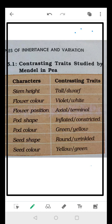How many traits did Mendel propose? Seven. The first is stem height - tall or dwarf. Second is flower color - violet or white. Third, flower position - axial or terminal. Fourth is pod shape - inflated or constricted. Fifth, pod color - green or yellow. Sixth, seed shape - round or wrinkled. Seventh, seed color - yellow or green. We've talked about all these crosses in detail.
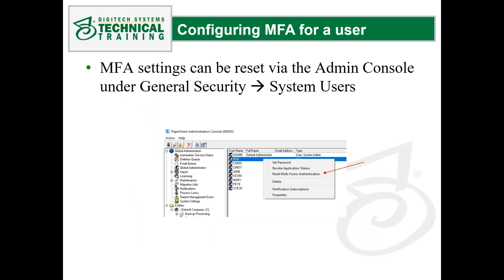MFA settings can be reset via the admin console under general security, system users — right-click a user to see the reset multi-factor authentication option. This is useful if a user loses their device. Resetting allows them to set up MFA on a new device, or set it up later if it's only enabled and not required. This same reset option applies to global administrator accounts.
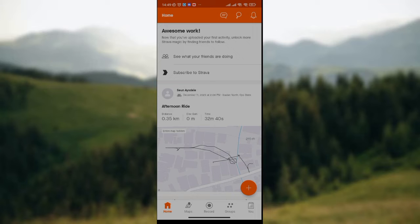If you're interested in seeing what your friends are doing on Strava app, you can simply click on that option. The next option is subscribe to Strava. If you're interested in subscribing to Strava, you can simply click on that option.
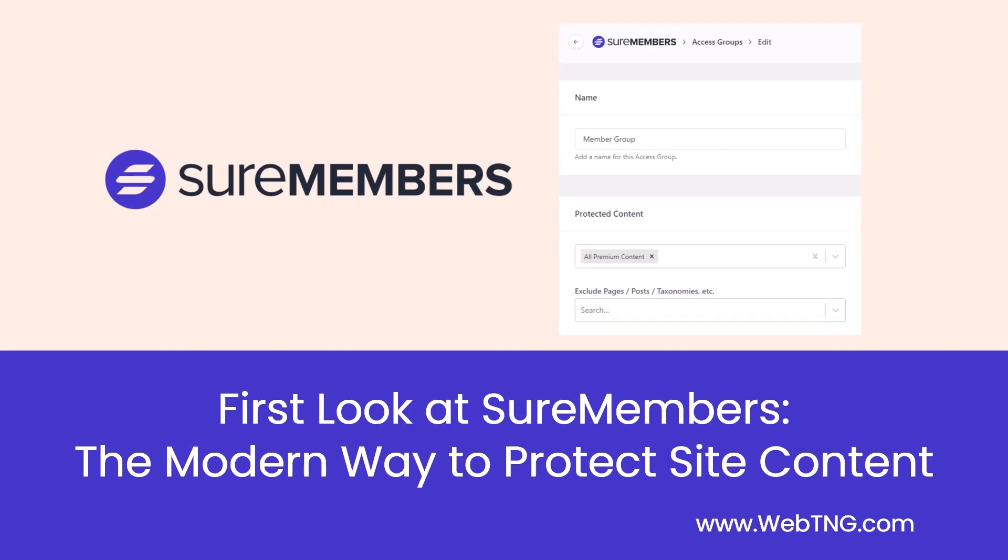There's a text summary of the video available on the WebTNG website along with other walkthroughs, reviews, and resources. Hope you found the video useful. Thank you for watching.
---
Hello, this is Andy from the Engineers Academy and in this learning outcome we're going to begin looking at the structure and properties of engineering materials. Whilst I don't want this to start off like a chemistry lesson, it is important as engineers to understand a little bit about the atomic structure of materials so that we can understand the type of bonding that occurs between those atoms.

> _Exercise_
Write out, word for word, the stretch of entries that begins at the line with "If you're interested in seeing" and ends at the line with "There's a text". Pictures do not belong in it.

> _Solution to the problem_
If you're interested in seeing what your friends are doing on Strava app, you can simply click on that option. The next option is subscribe to Strava. If you're interested in subscribing to Strava, you can simply click on that option.
There's a text summary of the video available on the WebTNG website along with other walkthroughs, reviews, and resources. Hope you found the video useful. Thank you for watching.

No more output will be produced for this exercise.